REQUIRED ACTION: Exact reproduction of the data is required, with images excluded.

SOURCE DATA:
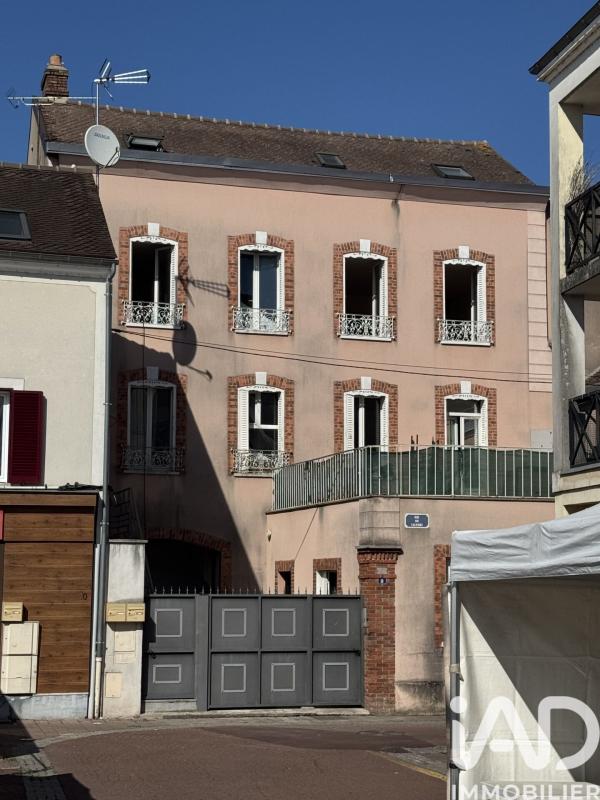 Immeuble  Montereau-Fault-Yonne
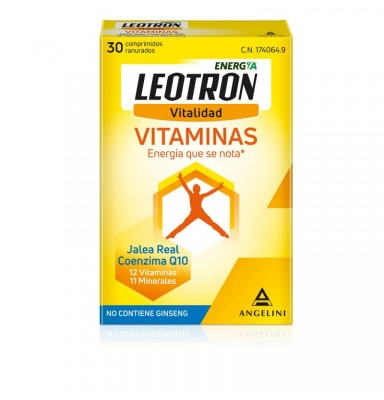 LEOTRON VITAMINAS ANGELINI...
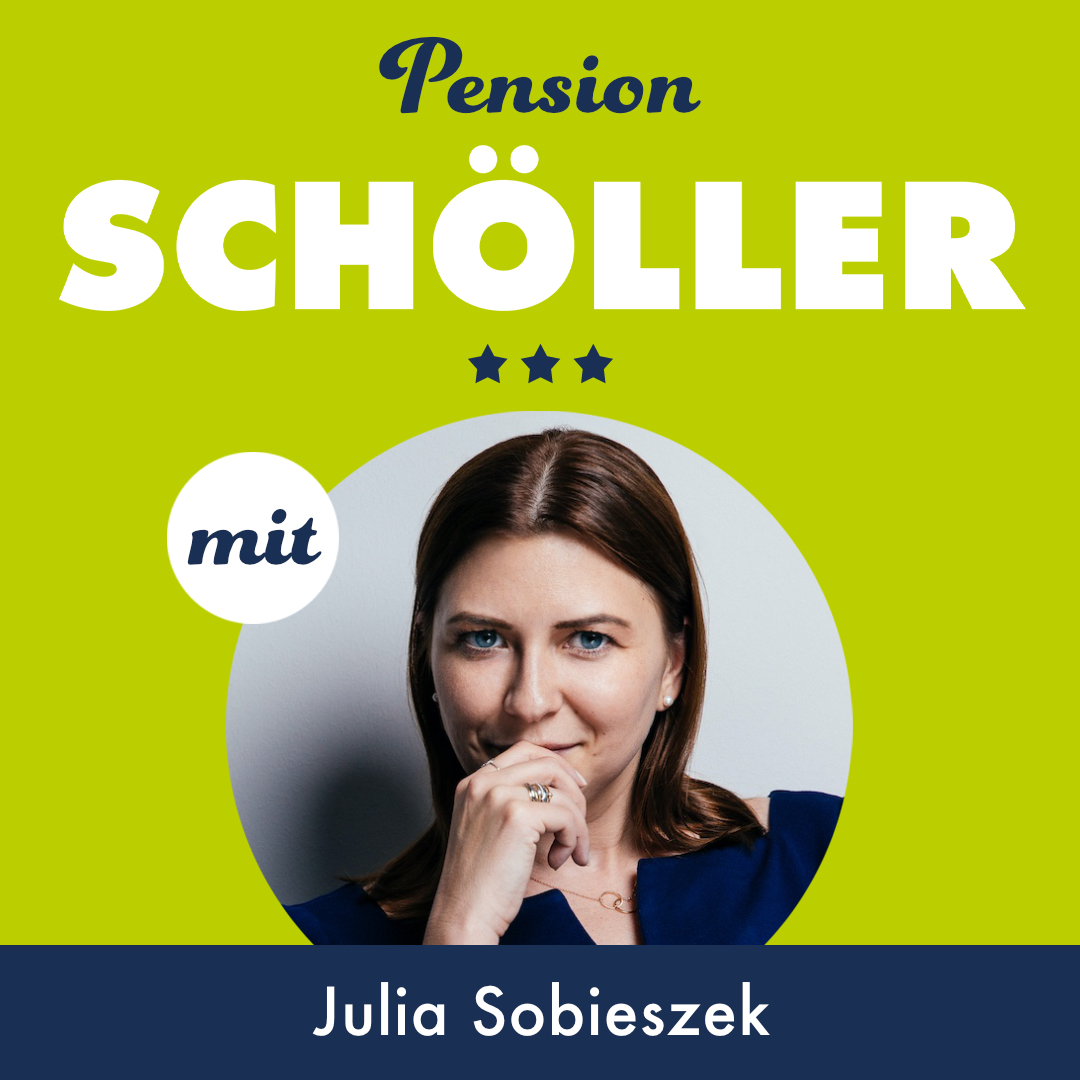 #44 Julia Sobieszek episode artwork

RESPONSE FOR THIS EXERCISE:
 Immeuble  Montereau-Fault-Yonne
 LEOTRON VITAMINAS ANGELINI...
 #44 Julia Sobieszek episode artwork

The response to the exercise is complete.